Wednesday, August 12, 2015

Words for Andre Green's funeral

A 15 year old African-American young man, Andre Green, died this past Sunday after being shot by police officers in Indianapolis.  I am gone from Indianapolis for the month of August.  But if I was there for the funeral which will be held at Broadway on Monday, I might have said this:

The people of Broadway United Methodist Church wish to express their sympathy to the family and friends of Andre Green.  God’s presence and power are made perfect in our weakness and in this moment we know our weakness and grief. 

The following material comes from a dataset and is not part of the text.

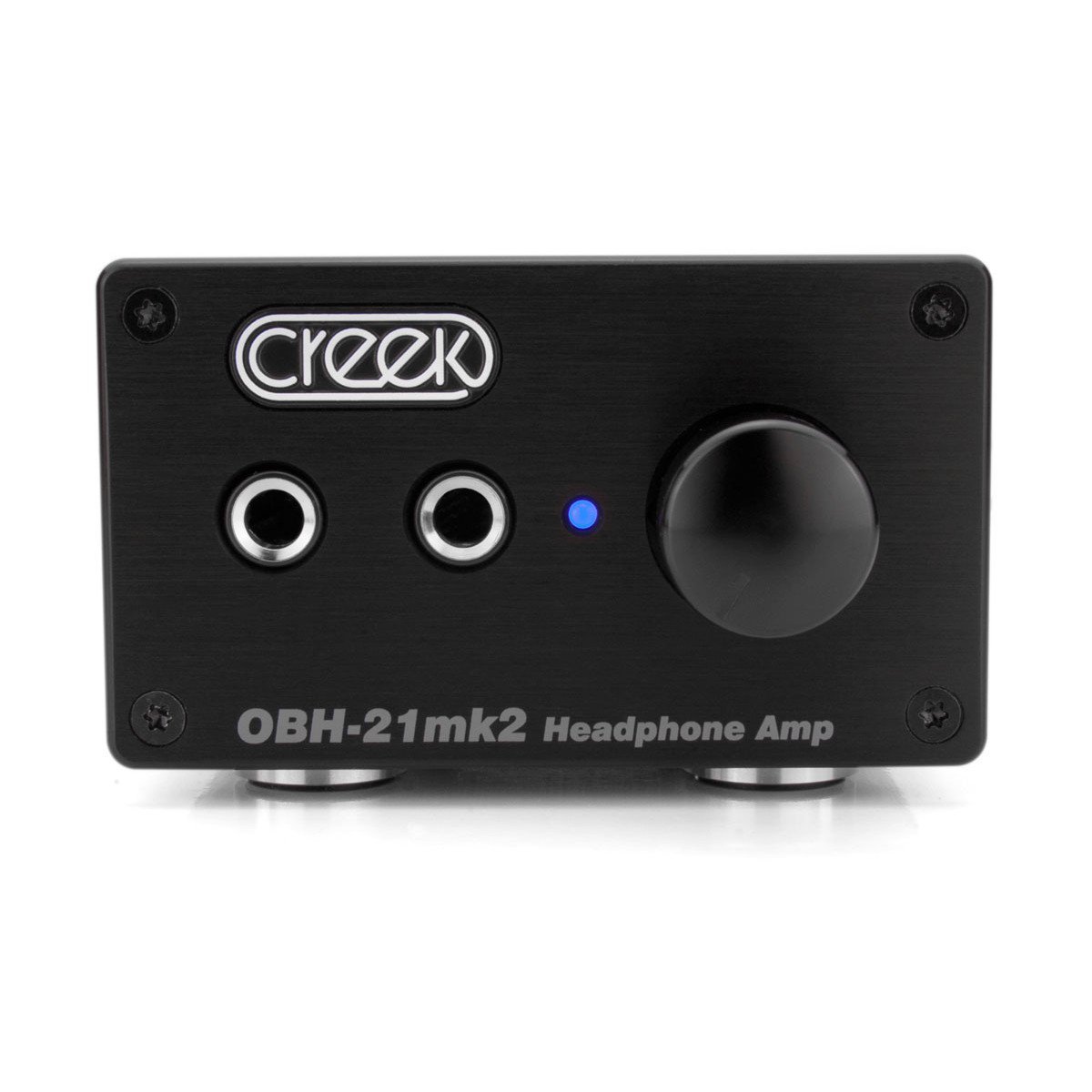 Creek obh. Кщрь 210. Усилитель для наушников Creek OBH-21se. Усилитель для наушников Creek OBH-11. Усилитель для наушников Creek OBH-21.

It is not enough for the mayor, or the chief of police, or city council members, or members of the media and others to pontificate and lecture about responsibility when they show more commitment to the professional young black men who play in Lucas Oil Stadium and Bankers Life Fieldhouse then they show to the black young men, native citizens, who live in the shadow of those buildings in neighborhoods not so very far away.  Where is their commitment not only to Bankers Life, but also to Young Men’s Lives?  We know.  Oil Matters.  Bankers Lives Matter.  But where is the evidence that Black Lives Matter too?

So, we do offer our sympathy and our prayers to you today.  But we also offering thanksgiving for the life of Andre Green.  Many will make of him a symbol of either what they love or what they hate - but he is not a symbol.  He is a person.  A human being.  A beloved child of God.  And we are grateful for his life.  Thanks be to God.  .

Often at moments like these the pastors and leaders and members of the congregation offer their prayers and support to the family.  There have been too many funerals of young black men held under this soaring ceiling to have that be enough today.  It is not enough for those of us at Broadway.  It is not enough for the faithful followers of Christ.  It is not enough for this city.

There are guest preachers who have stood in this pulpit on such occasions and said, “it is not about race.”  How could good folks be blind to such obvious truth?  How many funerals have been held in this space of young black men who have died from violence over the last thirty plus years?  Many.  How many funerals have been held in this space for young white men who have died from violence over the last thirty years?  None.  It is about race.  And unless we can begin to talk about this directly, honestly, and courageously with one another, we should not speak at all.  We should let our silence rain down, pour down on us until we are so soaked in the waters of our baptism that we cannot keep silent.

It is not enough to just offer words, or a casserole, or a comforting arm.  It is not enough to offer youth programs, it is not enough to offer tutoring, it is not enough to write editorials, or to even thunder words from our pulpits.

We must love one another and we must organize ourselves to do so.   We must notice each young black man around us and pause and tell that young man what we see.  We must tell the young man the gifts of God we see in his life.  We must point out how much the other people in that young man’s life see and notice the gifts of God in his life.  We must not only TELL that young man how needed he is, we must SHOW that young man how needed he is.  We must listen to the young men, learn from them.  We don’t do that by doing things for them, we do that by opening ourselves to receive their gifts.  By being insistent, willing and eager, even to fail in our efforts to build up what God has put inside the life of that young black man, to both know he is loved and to act on it by receiving the good gift of God in who he is.